• Appears to be a very common misunderstanding about the often quoted 12mph impact speed helmets are supposedly reliable for. The velocity with which your head might hit the ground has nothing to do with the speed you're doing at the time, be it 5 or 50mph.

    Indeed. An object dropped from a height of 1.8m will hit the ground at (9.8*1.8)^0.5 m/s =~ 4.2m/s =~ 9.4mph.

    In most accidents/falls the horizontal component of the velocity won't increase the magnitude of the primary impact of head (helmet or not) and ground at all; it does cause extra slidy tarmac/gravel pain though but that's a whole different kettle of badgers and much less likely to cause a KSI.

    Pedestrians falling over will have their head fall from roughly the same height which is why you might see a greater reduction in (sheer numbers of) KSIs from compulsory pedestrian helmet use (risk homeostasis and other negative factors aside - the same arguments against compulsion apply to pedestrians as to cyclists).

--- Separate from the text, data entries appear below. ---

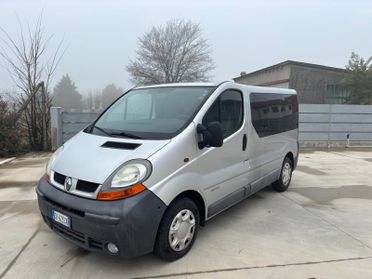 Renault Trafic 6 posti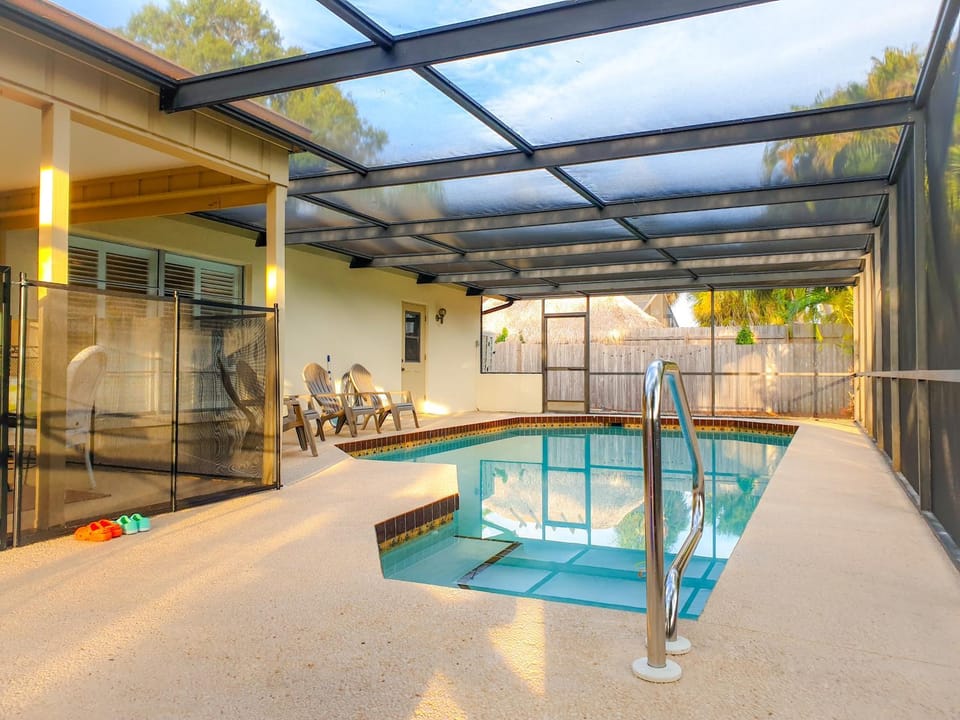 Pool view, Swimming pool, Swimming pool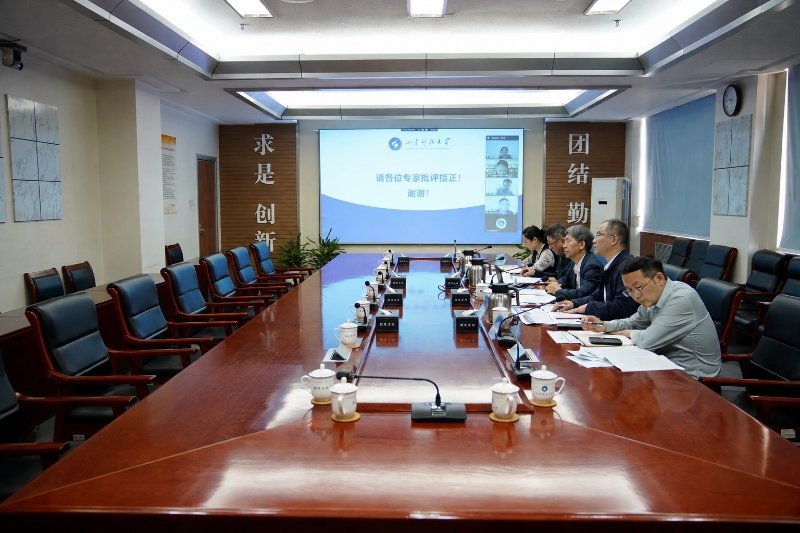 并围绕破“五唯”堵点难点和落实师德师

    Impacts with other objects (other people, vehicles, being hit by a wing mirror, etc) and my first paragraph doesn't apply. Hitting the side of a van at 30mph is going to result in a bigger impact than hitting it at 5mph obviously. Hitting the bonnet of a car and going ballistic is another case where the physics gets more complicated and the impact will depend, to some degree, on the speed you were traveling.